#### Data supplied ####
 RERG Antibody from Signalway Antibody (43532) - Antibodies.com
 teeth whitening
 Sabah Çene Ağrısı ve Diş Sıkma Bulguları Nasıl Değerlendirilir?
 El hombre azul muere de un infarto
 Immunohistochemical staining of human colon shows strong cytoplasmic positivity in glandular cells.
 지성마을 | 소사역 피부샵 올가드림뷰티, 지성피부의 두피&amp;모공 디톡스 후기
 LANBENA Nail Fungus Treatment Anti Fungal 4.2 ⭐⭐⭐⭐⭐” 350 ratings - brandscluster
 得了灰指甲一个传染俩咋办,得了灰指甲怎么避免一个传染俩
####
#### Data supplied ####
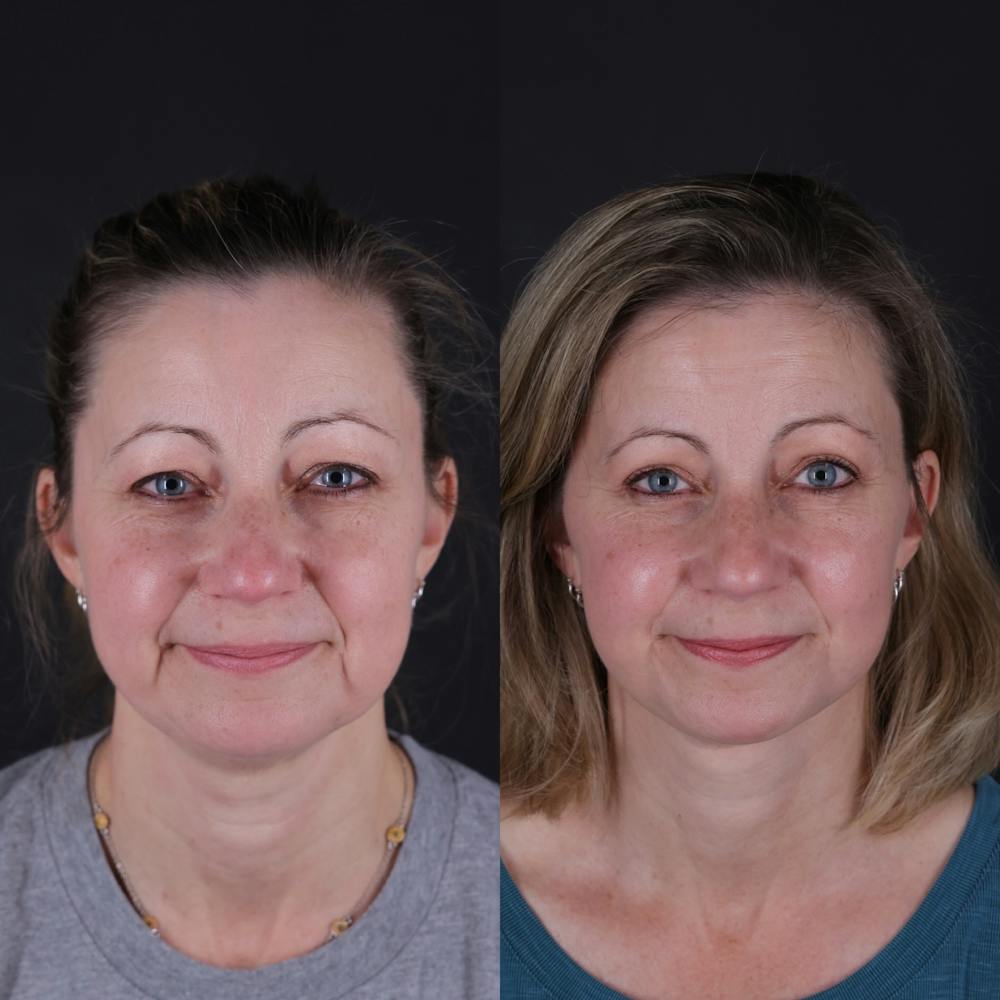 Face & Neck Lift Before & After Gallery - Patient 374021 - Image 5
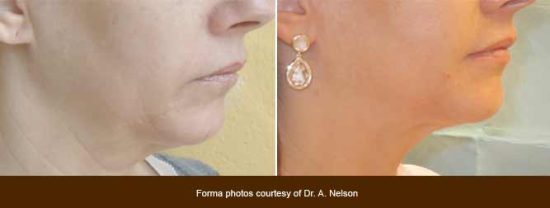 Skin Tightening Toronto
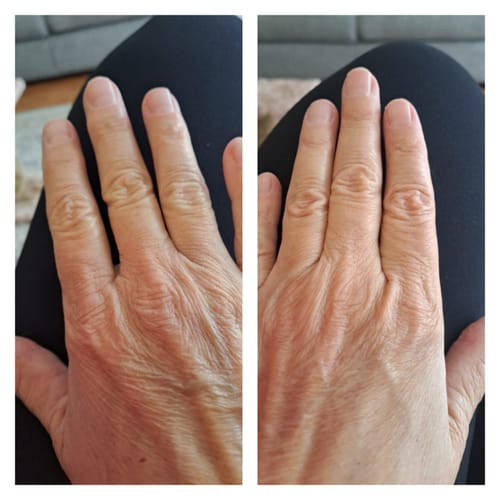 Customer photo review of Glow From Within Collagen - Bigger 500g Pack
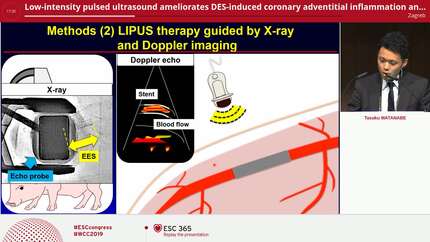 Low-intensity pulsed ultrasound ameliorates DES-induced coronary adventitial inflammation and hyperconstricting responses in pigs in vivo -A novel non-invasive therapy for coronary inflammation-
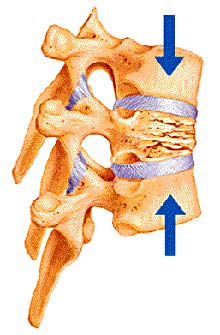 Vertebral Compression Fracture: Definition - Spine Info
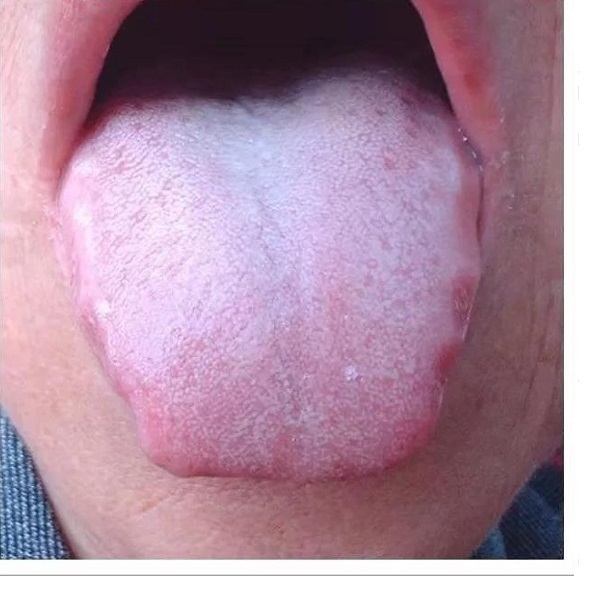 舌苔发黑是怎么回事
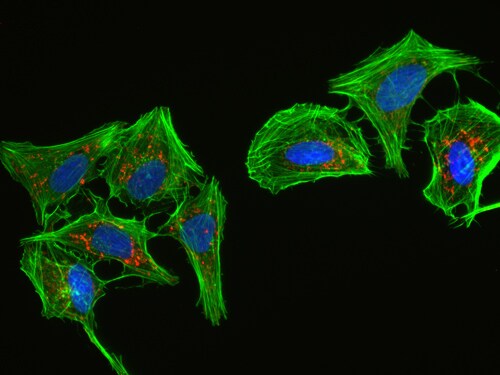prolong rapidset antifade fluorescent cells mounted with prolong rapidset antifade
####
#### Data supplied ####
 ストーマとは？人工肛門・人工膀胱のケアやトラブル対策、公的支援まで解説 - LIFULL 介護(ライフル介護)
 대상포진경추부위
####
*Assigned task*
Copy out, word for word, the part of the entries above that begins at the line with "Immunohistochemical staining of" and ends at the line with "得了灰指甲一个传染俩咋办,得了灰指甲怎么避免一个传染俩", including both.

*Problem solution*
 Immunohistochemical staining of human colon shows strong cytoplasmic positivity in glandular cells.
 지성마을 | 소사역 피부샵 올가드림뷰티, 지성피부의 두피&amp;모공 디톡스 후기
 LANBENA Nail Fungus Treatment Anti Fungal 4.2 ⭐⭐⭐⭐⭐” 350 ratings - brandscluster
 得了灰指甲一个传染俩咋办,得了灰指甲怎么避免一个传染俩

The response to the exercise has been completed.